Experiments are limited to 5-way classification; ICL performance may degrade under higher class counts due to context length constraints.
Extensive prompt engineering was not performed, potentially underestimating the effectiveness of certain strategies.
Computational cost is substantial (approximately 2,500 A100 GPU hours, 270 kgCO₂).
Future work may explore strategy selection in unlabeled settings and behavior under larger-scale LLMs.
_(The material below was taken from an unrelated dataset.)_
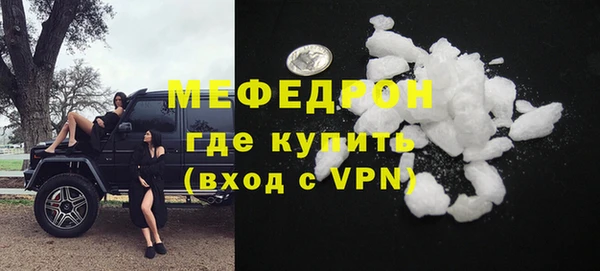 мяу мяу кристалл Бронницы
vs. LENS (Li & Qiu, 2023): LENS employs a two-step search (informativeness + diversity); ACSESS automatically discovers the optimal strategy combination and outperforms LENS in most settings.
vs. CASE (Purohit et al., 2025): The strongest ICL-specific baseline; ACSESS with uniform weighting matches it, and weighted ACSESS surpasses it by +0.16 pp.
vs. Datamodels (Ilyas et al., 2022): The original Datamodels operates at the sample level; ACSESS abstracts it to the strategy level, reducing computational complexity.

Rating¶

Novelty: ⭐⭐⭐⭐ Automatic strategy-level combination is a valuable methodological contribution, though the individual components (forward/backward selection, Datamodels) are not novel in themselves.
Experimental Thoroughness: ⭐⭐⭐⭐⭐ 23 strategies × 5 ICL models × 3 gradient-based methods × 14 datasets × multiple repetitions; the scale is substantial and ablations are comprehensive.
Writing Quality: ⭐⭐⭐⭐ Structure is clear and practical recommendations are well-articulated, though the paper is lengthy.
Value: ⭐⭐⭐⭐ Provides direct practical guidance for sample selection in few-shot learning; the unified comparison fills an important gap.